● WHAT YOU NEED TO DO: Word for word, restate each of the entries below, and drop every picture.

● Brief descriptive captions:
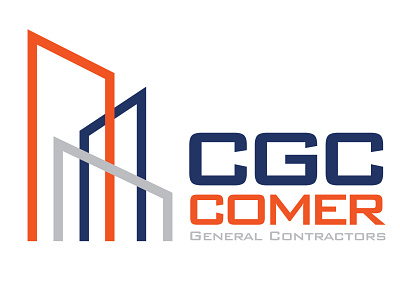 CGC Comer Logo contractor geometrical industrial logo minimalist modern vector
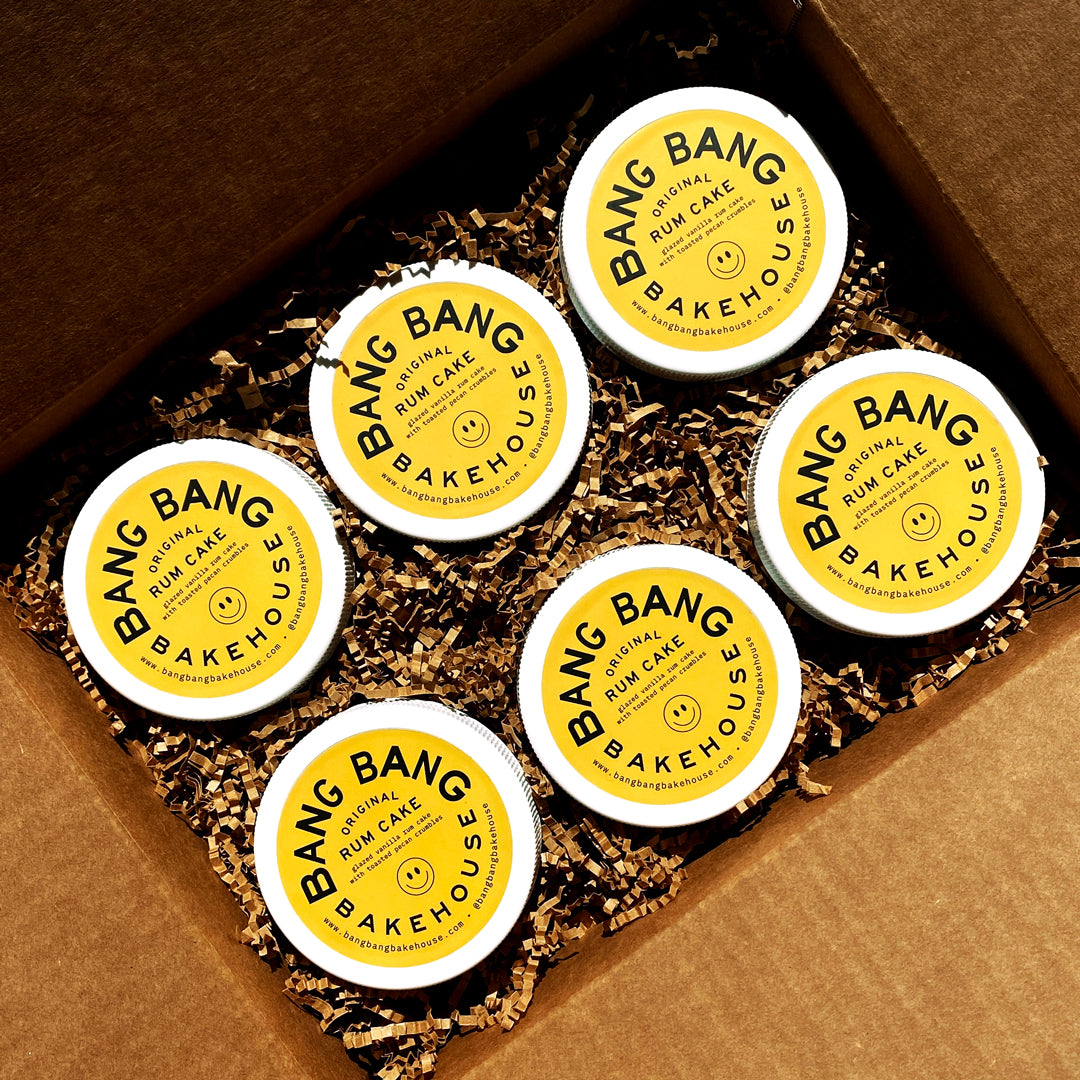 Original Rum Cake Jars - 6 Pack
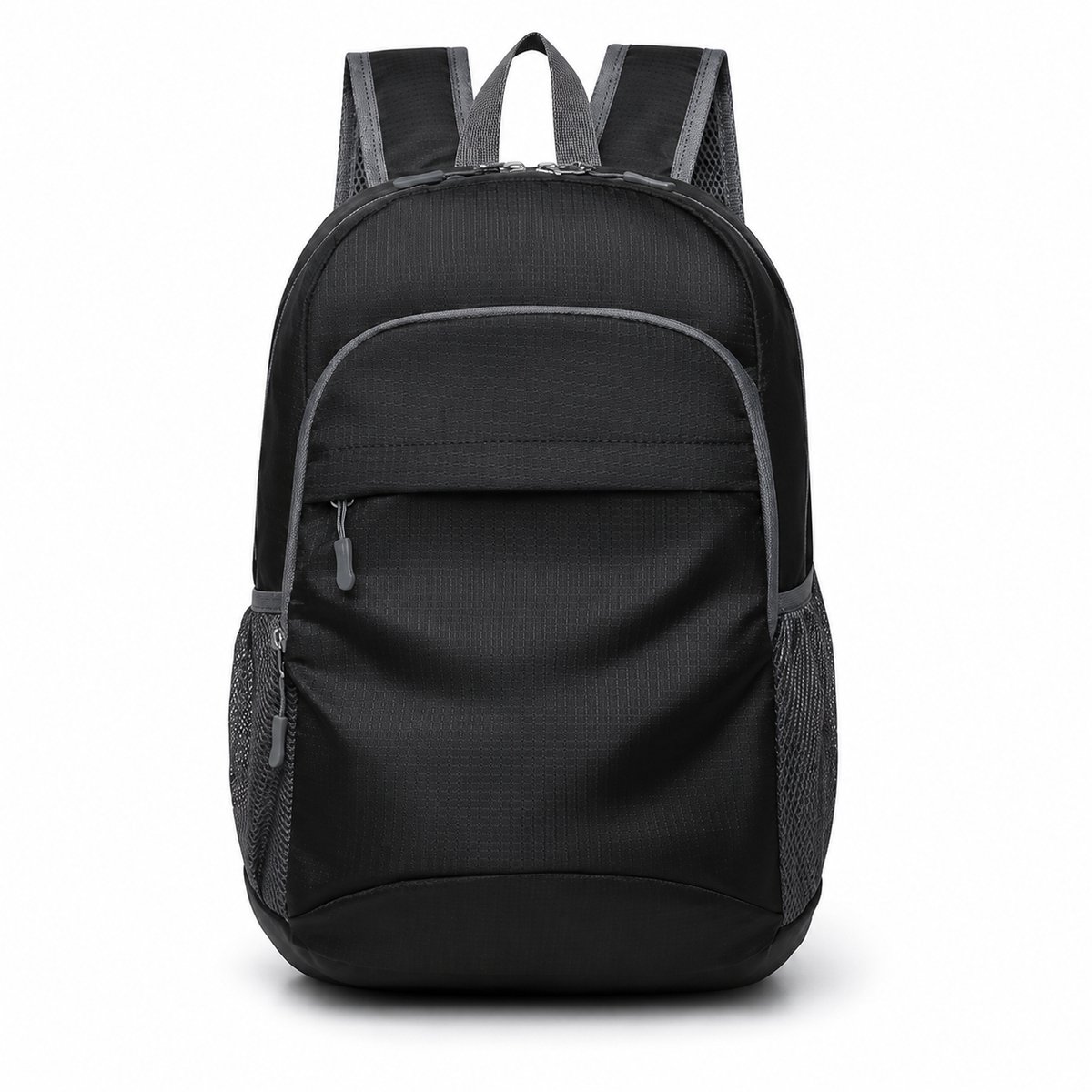 VHV - Rugzak - Opvouwbare Waterafstotende Laptoprugzak 15,6 Inch - Lichtgewicht met Mesh Zijvakken - Voor School, Werk en Reizen - Zwart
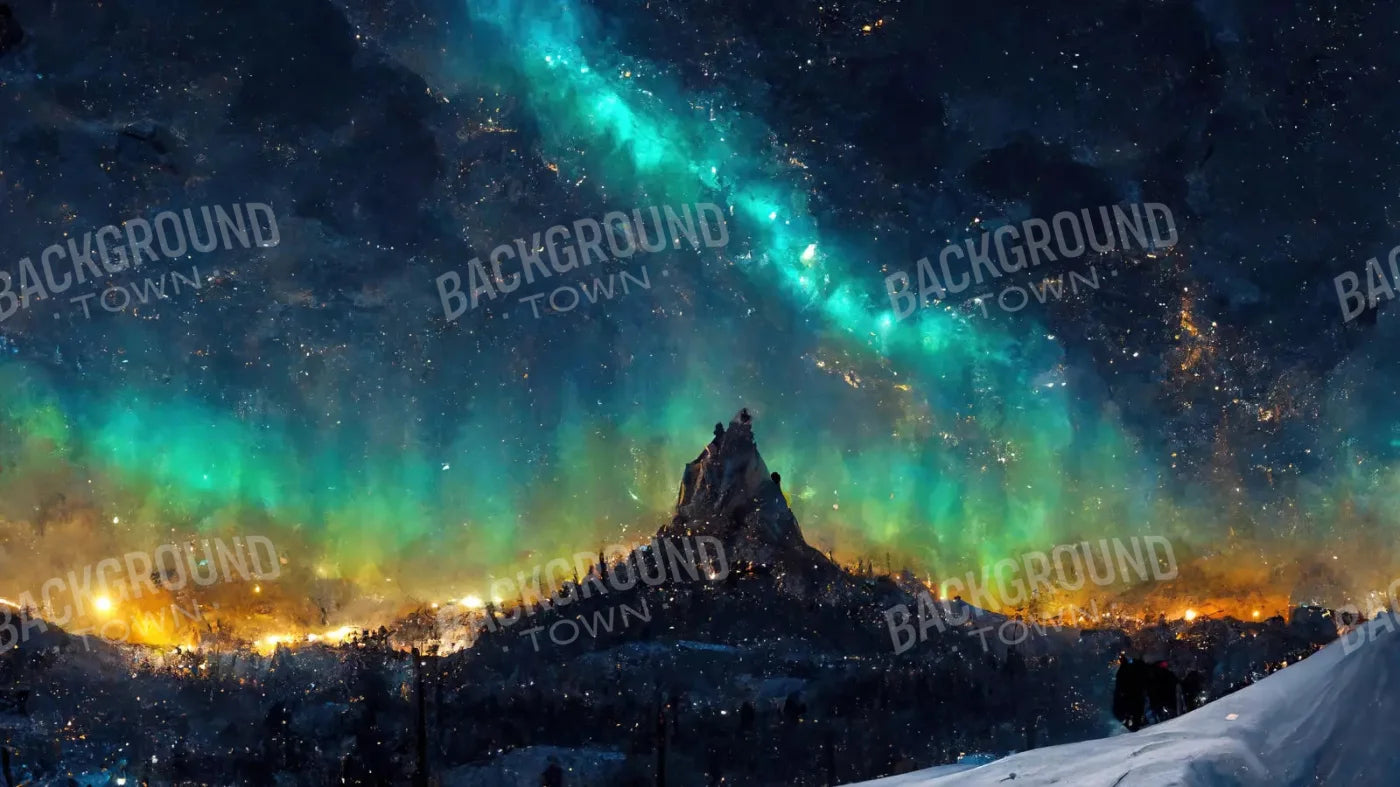 Aurora Night 14X8 Ultracloth ( 168 X 96 Inch ) Backdrop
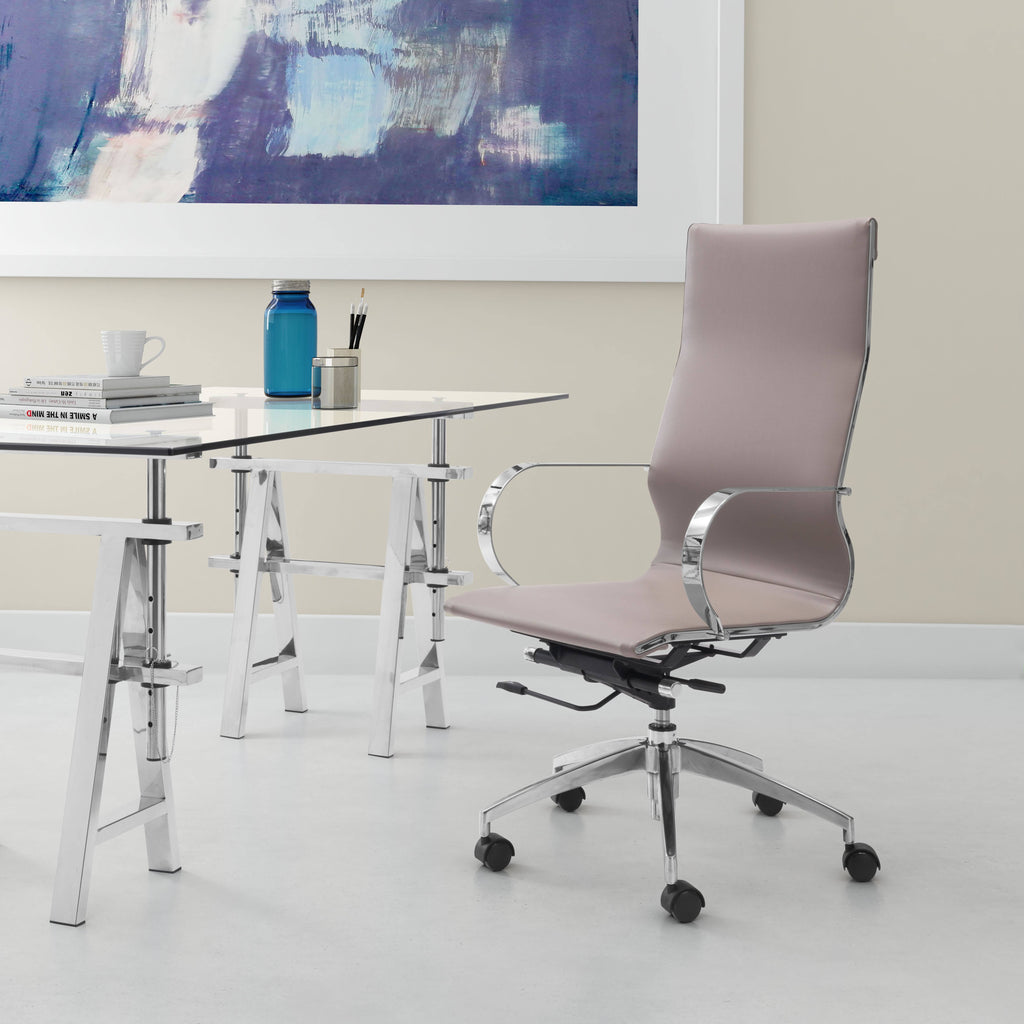 Taupe Glider Hi Back Office Chair N9636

● EXERCISE OUTPUT:
 CGC Comer Logo contractor geometrical industrial logo minimalist modern vector
 Original Rum Cake Jars - 6 Pack
 VHV - Rugzak - Opvouwbare Waterafstotende Laptoprugzak 15,6 Inch - Lichtgewicht met Mesh Zijvakken - Voor School, Werk en Reizen - Zwart
 Aurora Night 14X8 Ultracloth ( 168 X 96 Inch ) Backdrop
 Taupe Glider Hi Back Office Chair N9636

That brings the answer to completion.